I write the problem on the board. It almost doesn’t matter what it is. A discussion can grow out of 19 + 2, or 17 + 25: students can see multiple paths through those problems. But this time, let’s say, I write 4 x 5 or 4 x 10. The first problem has to be easy enough that everyone gives an answer pretty quickly. Once they’ve started answering, they’ll keep going.
Once the problem is on the board, my teacher hat is off: I’m the game-show host. The students know it too: the girl who is doodling in her notebook sits up straight, the boy who had craned his head to watch the eighth graders on the other side of the room fixes his eyes on the whiteboard. First one holds up a fist in front of them to show they have an answer, then another. Now they are the teachers, the talkers, the game show contestants. They know the answers, and it’s their job to say them.
Everyone gives an answer to that first question. Somebody gets it wrong and corrects themselves quickly. I write down all the answers and praise the self-correction. If they don’t agree on the answer, I don’t correct them: I ask for explanations. Sometimes two or three students want to be first to say how they solved the problem, but whoever goes first, there are always more explanations. If no one offers a second way of seeing it, I prompt them: “Did you see it the same way?”
I write each student’s name on the board and take notes of their solution. Sometimes I draw diagrams or number lines to illustrate what they are telling me. Often they name their strategies. “I used skip counting”; “I used the traditional algorithm, but I want to try a place value strategy.” They comment on each other’s strategies, taking note of one they want to use next time, or remarking that one is easier or faster than another.
I put another problem on the board, 4x50 this time. The students take a moment longer to consider the math before holding up their fists. I wait, and then check in with students who haven’t signaled that they have an answer yet. “Do you need a little longer? Can I call on you?”
As the problems get a little harder, I’ll ask for more explanations. Someone will announce, “Eerily similar!” – the name they gave the strategy of using the answer to the last question to find the answer to the next: this means they see a pattern forming in the problems.
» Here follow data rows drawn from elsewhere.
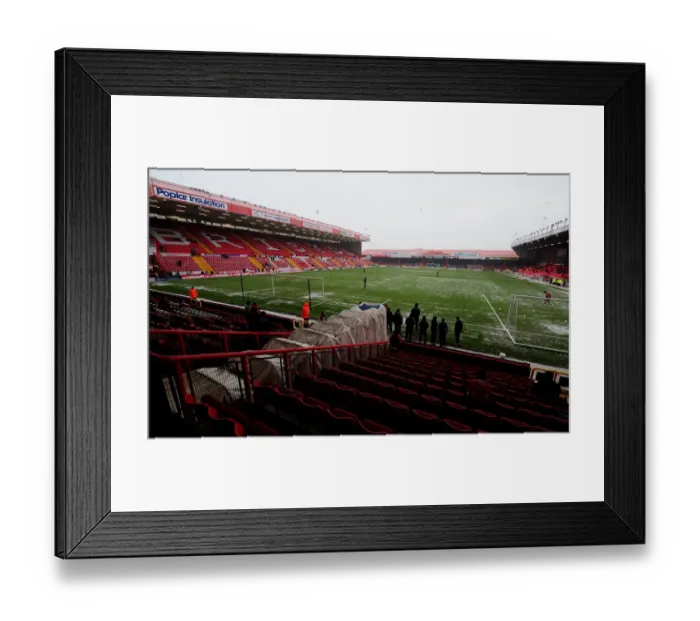 Framed Print : Bristol City vs Leeds United: A Football Rivalry - Season 11-12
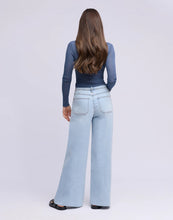 LILY WIDE LEG JEANS / SHERYL YOGA JEANS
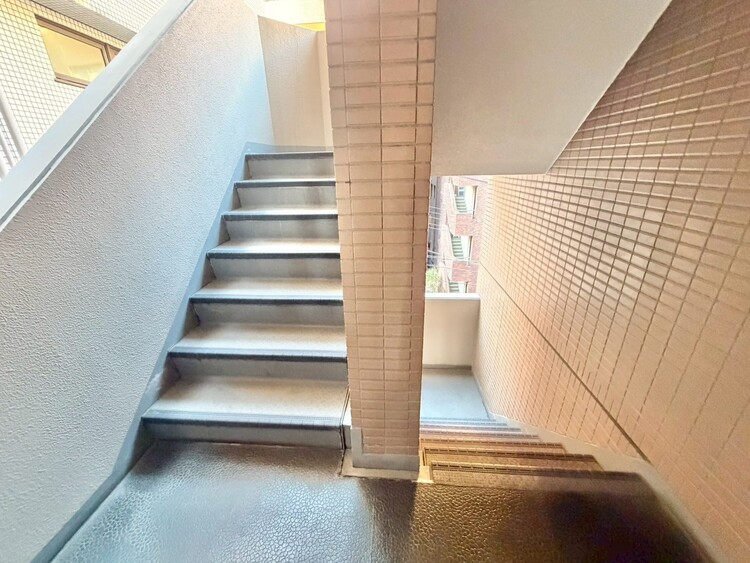 その他 共用部の階段です。明るく清潔に管理されています。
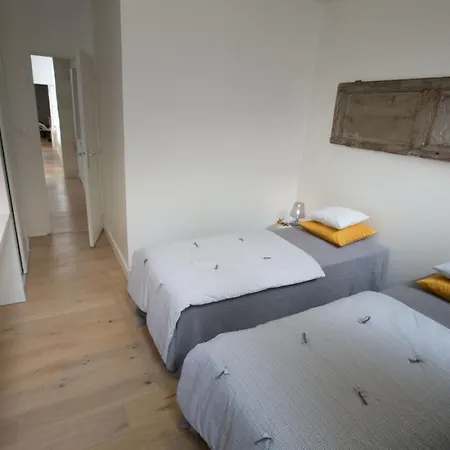 : Location Les Merciers. Daire *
I can ask them now: “What do you think the next question will be?”
Their answers show the multiple ways they’re thinking about the math: “4 times 100” – “4 times 500” – “4 times 55”. Their quickness to answer shows their confidence, the degree to which they own this process. I acknowledge their answers, and write up the final problem, the dessert of the number talk: 4x49
Somebody frowns. This is a little harder. But then the fists come up again. They offer answers, some wrong, some right, then talk through it until they agree on the right answer. I don’t tell them which it is, although I’ll ask questions if they seem lost. One by one, they try the strategies they used on the earlier problems. Maybe someone offers a new strategy to grapple with the differences in the final problem. When they’re done, I stop to admire the board, noting everyone’s name next to a strategy, commenting on how many different ways they found of looking at and solving the math. I finish by checking off the completed number talk under each of their names on the grading sheet, but the pride I see on their faces doesn’t come from the check that means 10% of their grade – they have solved another problem string. They feel smart and ready to conquer whatever math I give them in the lesson.
Again and again, students have told me – and written in their anonymous feedback on the class – that the number talk is their favorite part of the class. It embodies the values that I believe in most about learning: that there are many right ways to find an answer, and that learning happens when the students are talking instead of the teacher. I hope that they’ll remember the number talks when they find a problem that seems too hard – I hope they’ll try again even if they don’t get it right the first time, try what feels comfortable to them and know that they have multiple tools to solve even the most challenging problems. And I know they can.
A note on the author: Lauren is a lead math fellow in Oakland. This is her third year working with Blueprint Schools Network.